§ Information provided:
Segment Open

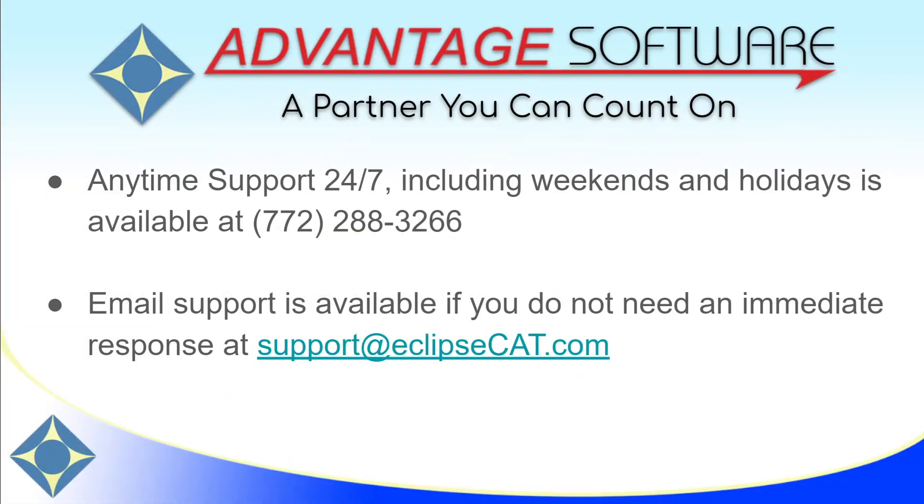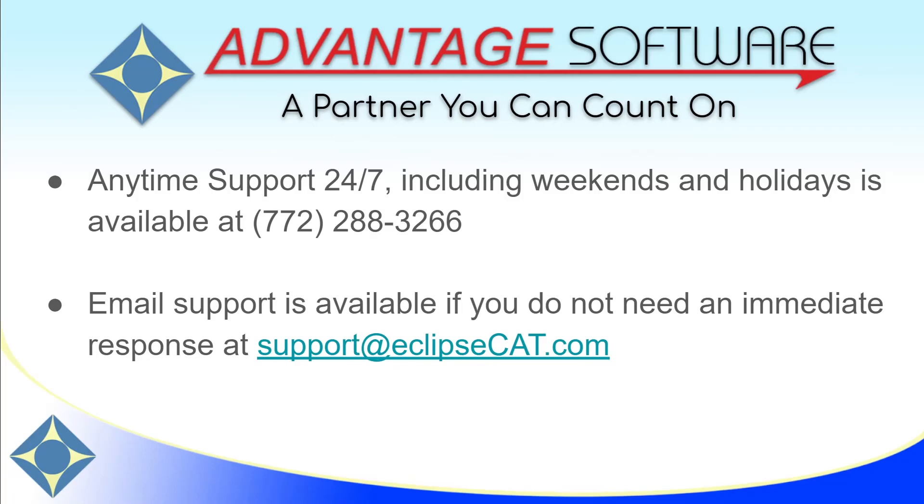Thank you for watching this video. As a reminder, Advantage Software offers anytime support 24-7. Tech support can be reached with any question, anytime, including weekends and holidays, at 772-288-3266. Email support is available at support at eclipsecat.com.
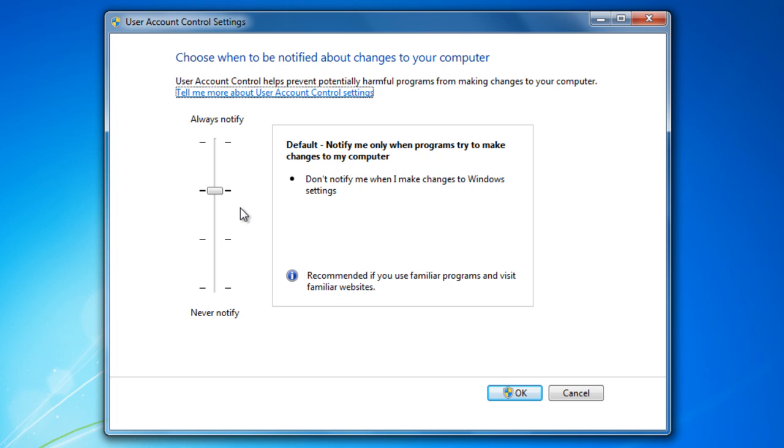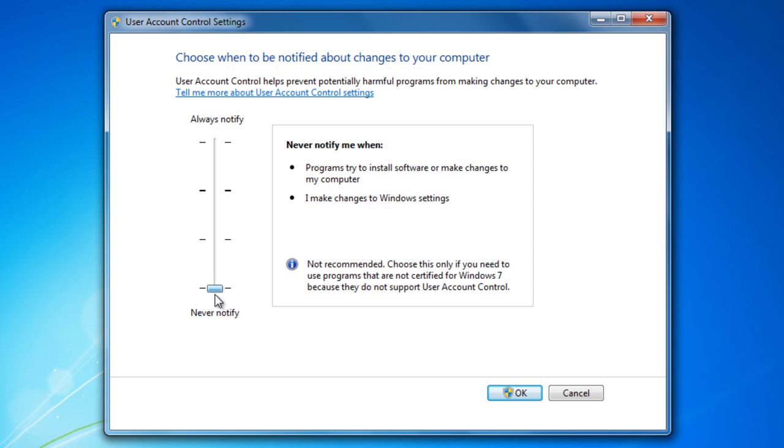You can simply drag the slider up or down depending on how often you want to be alerted. But on this video we are just going to show you how to disable it permanently so that you won't be notified.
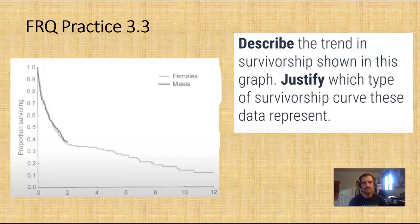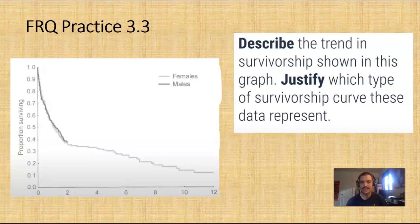We're going to try a free response question to look at this graph. You're going to describe the trend in survivorship shown in the graph and justify which type of survivorship curve the data represent. That will be in the Nearpod on the next question.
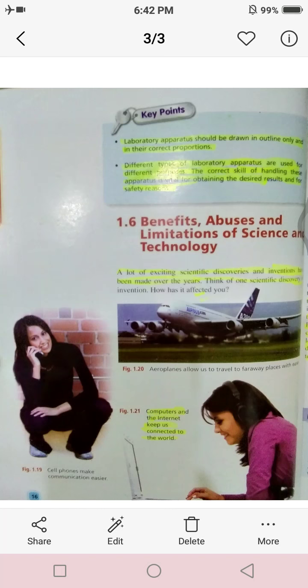Good morning and Asalaam Alaykum students. Hopefully you are fine and safe at home. We are going to start our next topic. It's your science class.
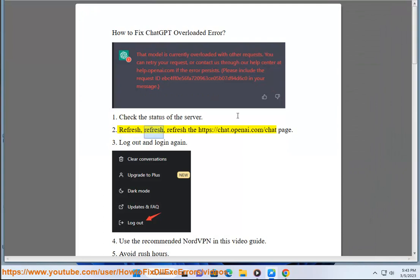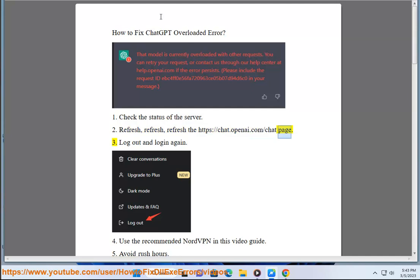2. Refresh, refresh, refresh the https://chat.openai.com/chat page. 3.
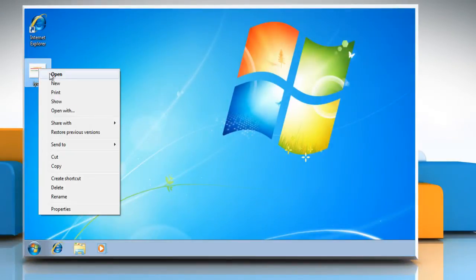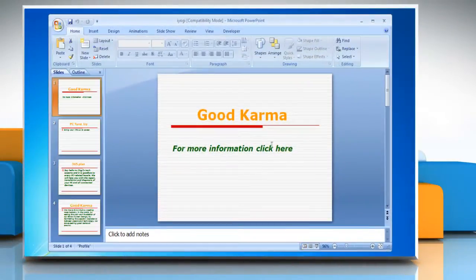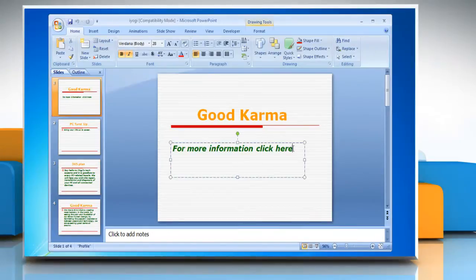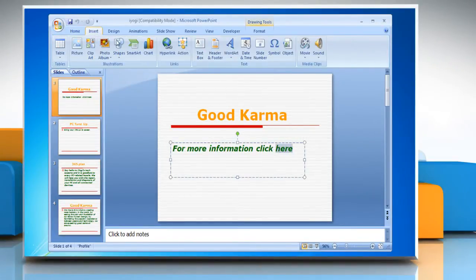Open Microsoft PowerPoint presentation. Select the text which you want to use as a hyperlink. On the Insert tab in the Links group, click Hyperlink.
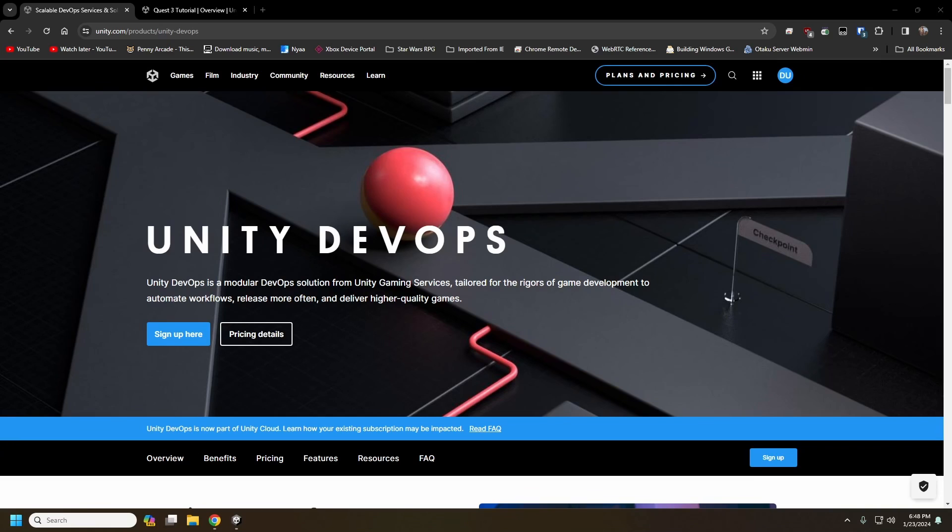Alright, welcome back guys. With Global Game Jam quickly approaching us here, I wanted to take a minute to go over version control and a way that you can share your project between your teammates.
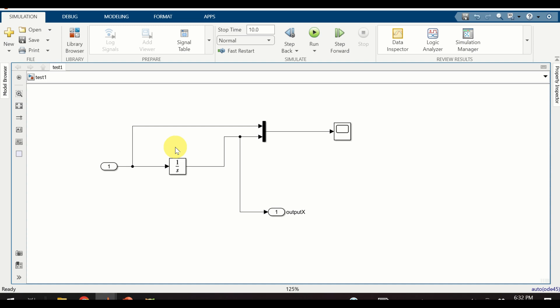In this Simulink tutorial we explain how to use inport and outport blocks. These blocks are very important since they can be used to link signals from our system to some destination outside of our system, connect signals flowing from our system to some other system, and export data to our MATLAB workspace from our model.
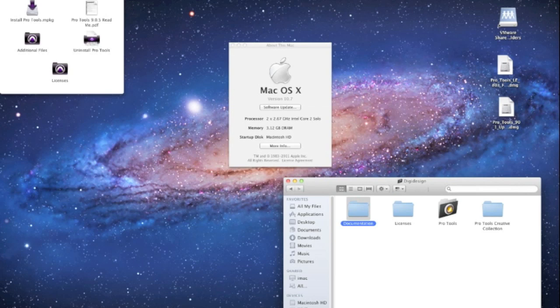Hey what's up guys, this is Dom from MacMixing.com and today we're going to go over installing Pro Tools 9 on Lion.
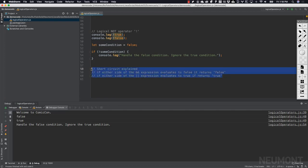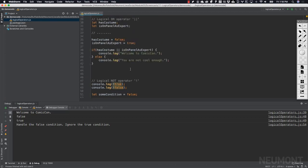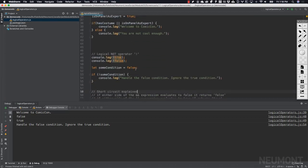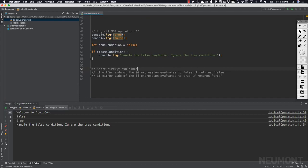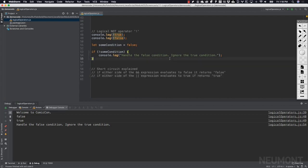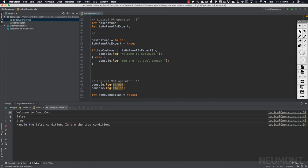To recap short-circuiting: for the logical AND, if either side evaluates to false it returns false, since both sides must be true. For the logical OR, if the first operand evaluates to true it short-circuits and returns true immediately, since only one side needs to be true. Hopefully that helps with understanding the logical operators.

Segment Closed

§ About this task: Return the material as it stands. Leave out the pictures.

§ Task response:
Thank you for watching this video. As a reminder, Advantage Software offers anytime support 24-7. Tech support can be reached with any question, anytime, including weekends and holidays, at 772-288-3266. Email support is available at support at eclipsecat.com.
You can simply drag the slider up or down depending on how often you want to be alerted. But on this video we are just going to show you how to disable it permanently so that you won't be notified.
We're going to try a free response question to look at this graph. You're going to describe the trend in survivorship shown in the graph and justify which type of survivorship curve the data represent. That will be in the Nearpod on the next question.
Good morning and Asalaam Alaykum students. Hopefully you are fine and safe at home. We are going to start our next topic. It's your science class.
2. Refresh, refresh, refresh the https://chat.openai.com/chat page. 3.
Open Microsoft PowerPoint presentation. Select the text which you want to use as a hyperlink. On the Insert tab in the Links group, click Hyperlink.
Alright, welcome back guys. With Global Game Jam quickly approaching us here, I wanted to take a minute to go over version control and a way that you can share your project between your teammates.
In this Simulink tutorial we explain how to use inport and outport blocks. These blocks are very important since they can be used to link signals from our system to some destination outside of our system, connect signals flowing from our system to some other system, and export data to our MATLAB workspace from our model.
Hey what's up guys, this is Dom from MacMixing.com and today we're going to go over installing Pro Tools 9 on Lion.
To recap short-circuiting: for the logical AND, if either side evaluates to false it returns false, since both sides must be true. For the logical OR, if the first operand evaluates to true it short-circuits and returns true immediately, since only one side needs to be true. Hopefully that helps with understanding the logical operators.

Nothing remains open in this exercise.